The false equivalency between accepting and loving a person and accepting and validating their choices is a well rehearsed trope in opposition to the Church’s teaching on issues of sex and sexuality.
In response, the Church has, for decades following the sexual revolution, continued to affirm that an essential part of loving a person is warning against choices which can do them harm.
This is often presented by some as evidence of a kind of doctrinal rigidity, or even a kind of veiled bigotry. Indeed prominent Churchmen like San Diego’s Cardinal Robert McElroy have argued in much the same style, equating the welcoming homosexual persons with validating sexual behaviors, while similarly seeking to support Pope Francis by contradicting him.
Yet Pope Francis’ call, as systematically presented in Dignitas infinita, for inclusion and acceptance to be necessarily joined to and linked with loving articulation of the truth has been carefully and compassionately articulated for decades, including by some of Francis’ own closest episcopal collaborators.
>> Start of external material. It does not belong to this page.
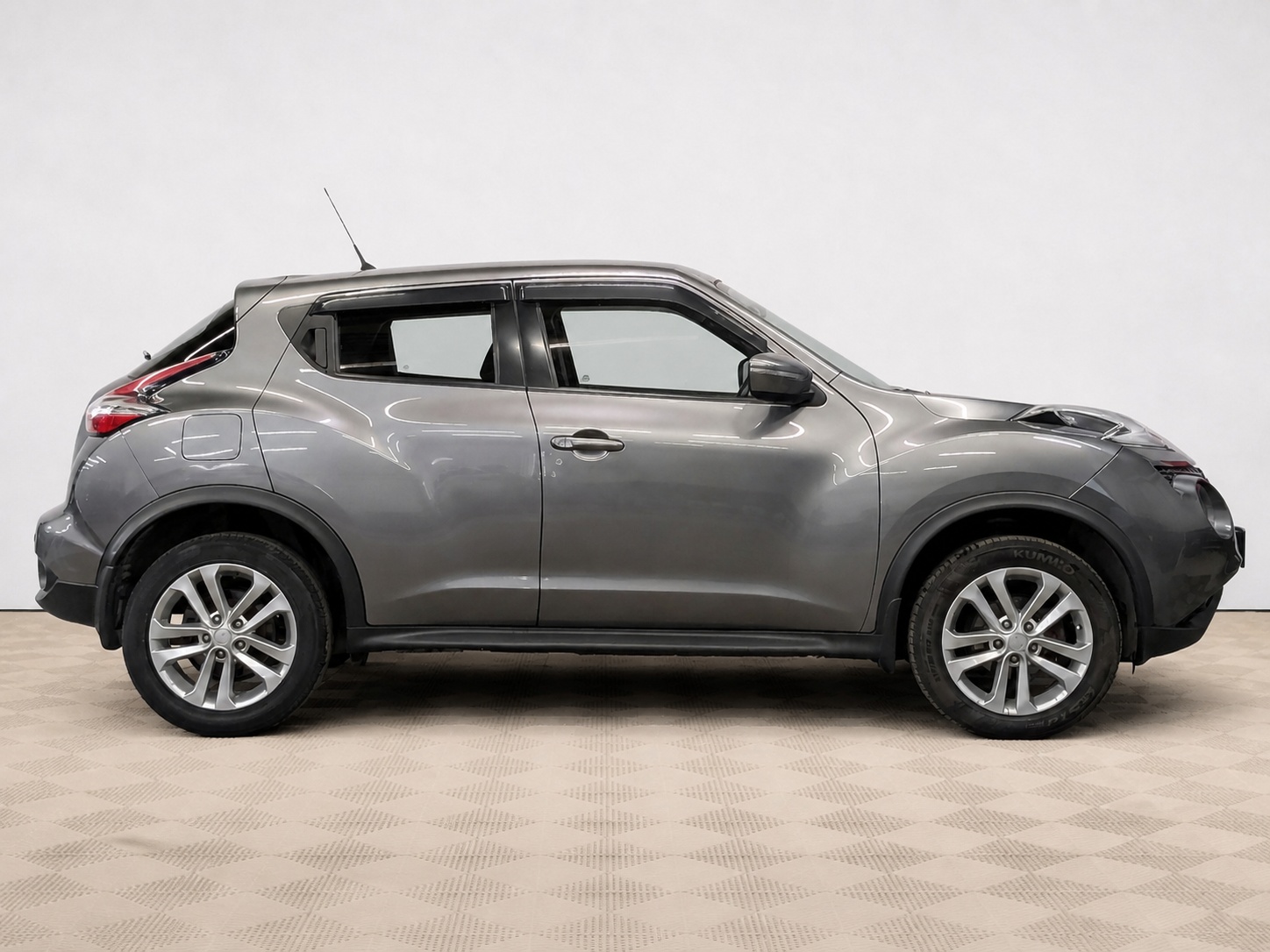 Nissan - Nissan Juke, 2015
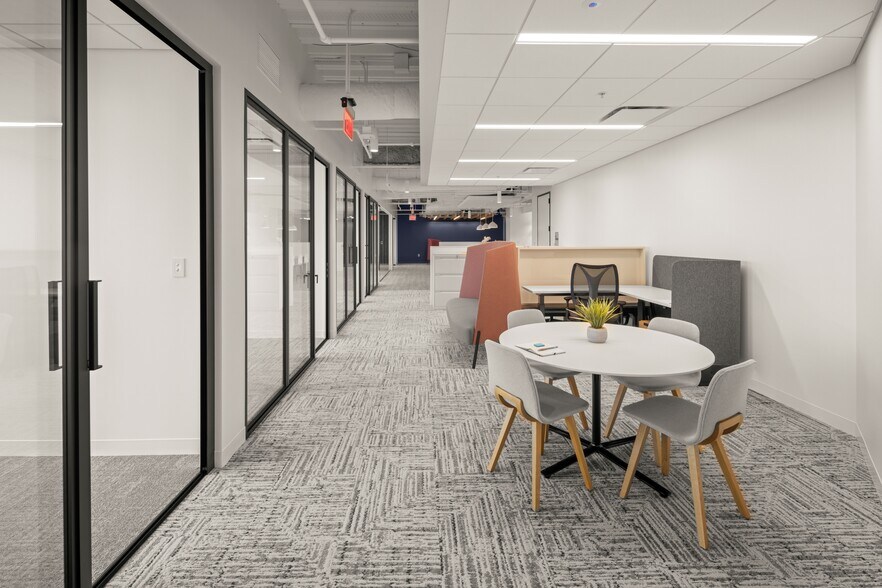 More Photos Of 6903 Rockledge Dr, Bethesda Unknown For Lease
In his own pastoral letter on homosexuality, Boston’s Cardinal Sean O’Malley, a member of Francis’ C9 council of cardinal advisers, said that “The Church has often warned against defining people by their sexual orientation in a way that diminishes their humanity.”
“Each person is a mystery, an irreplaceable treasure, precious in God’s eye,” wrote the cardinal. “We are God’s creatures and in baptism we are His sons and daughters, brothers and sisters to one another.”
But, O’Malley warned, “the extreme individualism of our age is undermining the common good and fractionalizing the community.”
“It is never easy to deliver a message that calls people to make sacrifices or to do difficult things,” he said, but “it is important to express the moral teachings of the Church with clarity and fidelity. The Church must be Church. We must teach the truths of the Gospel in season and out of season.”
“We must never deliver the message in a self-righteous way, but rather with compassion and humility,” O’Malley said but warned that “sometimes people want to punish the messenger.”
In the case of Pope Francis and the DDF declaration on gender ideology, the emerging tactic seems not to be to punish the messenger, but instead to distort the message itself to co-opt him.